Grohl has been promoting the album and series worldwide. He has said his initial thought was to record each song in a different country, but budget and time constraints meant this wasn’t practical, so they did a US tour instead. It is, of course, hard to comment on what might have been, but I think the intimacy of the portrait that Grohl has created would have been lacking if he had followed his original idea. What is so compelling about Sonic Highways is how personal his attempt to express the influences on his songwriting becomes. But this personal touch is expanded to include other musicians who are from, or are associated with, the city in question (each hour-long episode features a different US city) and this creates a broader and more compelling tapestry.
Sonic Highways is part travelogue; part exploration of a nation’s modern cultural roots expressed through music; part historical document; part expression of a creative process; and, almost coincidentally, an insight into the dynamics of a hugely successful and now 20 something year old band. Whatever you think of the music of the Foo Fighters, or indeed of this particular album, it offers a unique perspective and with Grohl as front man (both of band and documentary), we have a charming and enthusiastic extoller of all that separates and also connects modern US music.
Grohl has said he is receiving offers to direct more, and this series, alongside his piece shown earlier in 2014 on the BBC about Sound City (another compelling watch for anyone interested in modern music), certainly suggest that he is able to offer viewers an insight into the music industry, thanks to his connections and love of what he does.
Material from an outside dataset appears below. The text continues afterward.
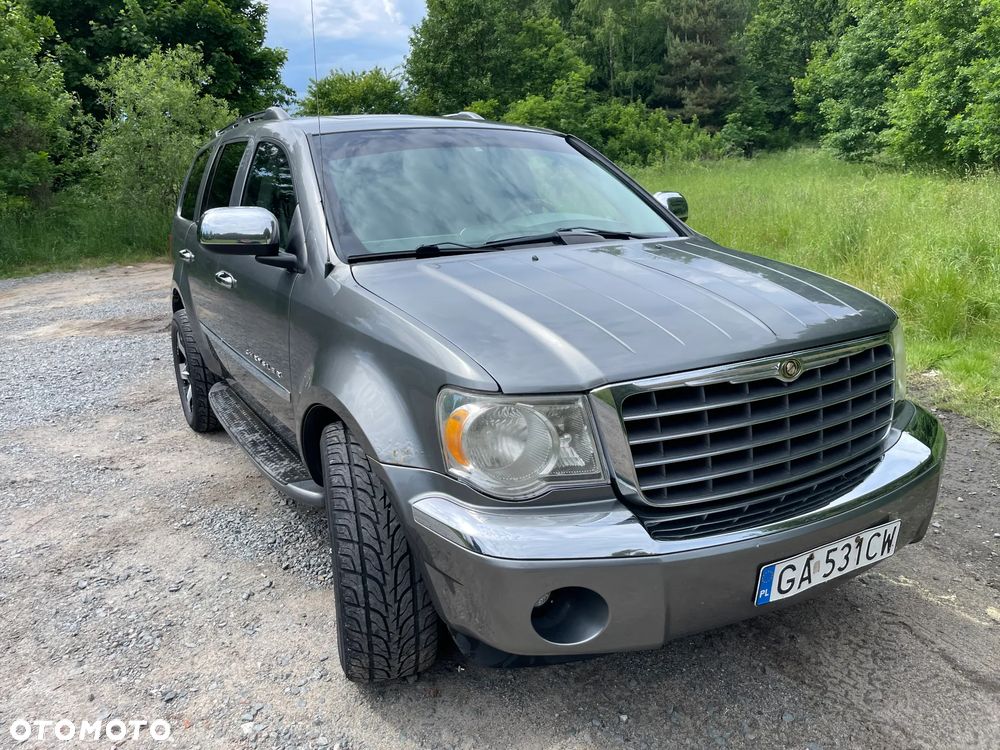 Chrysler Aspen - 7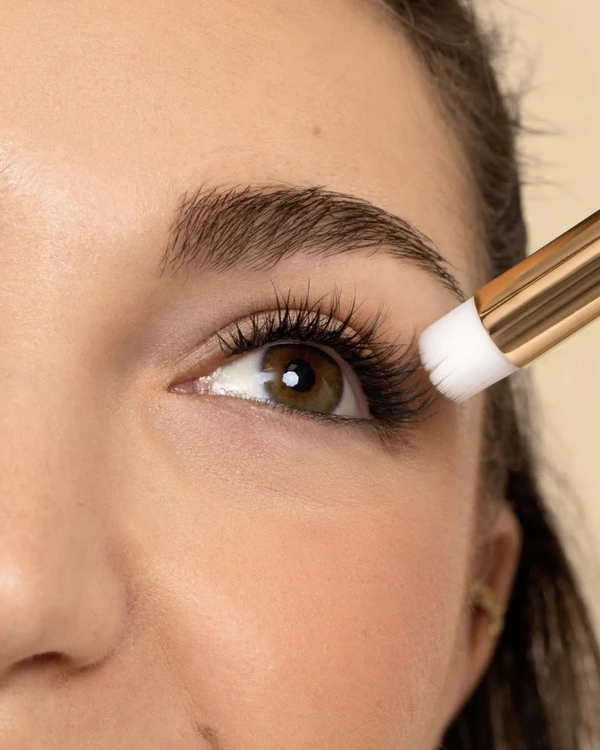 10 False Lash Brands Bridal Makeup Artists Swear By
In each series he has explored an element of his own history and process, and yet in each his fascination with the process and stories of other artists is what shines through. If these are vanity projects, then they express the vanity of a man who wants to learn more about his contemporaries and share what it is about them that he finds so compelling with a larger audience. A documentary version of the mix tape, if you will.
Watching Sonic Highways I found myself hearing songs I knew well with new ears. An admission that I suspect would please Grohl greatly.
Inside Number 9
My actual best telly of the year was the final, bruised, brutally elegiac season of Boardwalk Empire, but there’ll be a post on that along shortly. Look out for it! In the meantime, Inside No.9 will suffice.
Of the League Of Gentlemen alumni, while Mark Gatiss gets mystifying plaudits for b-list Doctor Who and the truly fuck-woeful Sherlock, his old band-mates Reece Shearsmith and Steve Pemberton just get on with making honest, original, worth-something television. After two series of the post-LoG comedown Psychoville, (which contained some fuckbusters moments) this year saw their creepy and ever-surprising anthology-show Inside No.9; six short, distinct plays which ranged from pretty-good to amazing, the mundane audacity of which even got Mark Lawson in a tizz, which, to be fair, these days could be done with a pie and a picture of some tits. Or a tit and a picture of a some pies – Mark isn’t fussy at the moment.
With a seriously enviable guest-cast (yeah, Gemma Arterton and Oona Chaplin, as if you didn’t have other shit going on) and a relentlessly macabre tone, each half-hour nearly always ended up in the opposite place from where you expected it to go. Some of the six were better than others, but while Gatiss talks the talk when it comes to dealing with genre tropes, his two pals walk the walk when it comes to subverting them and getting them onscreen. More of this please.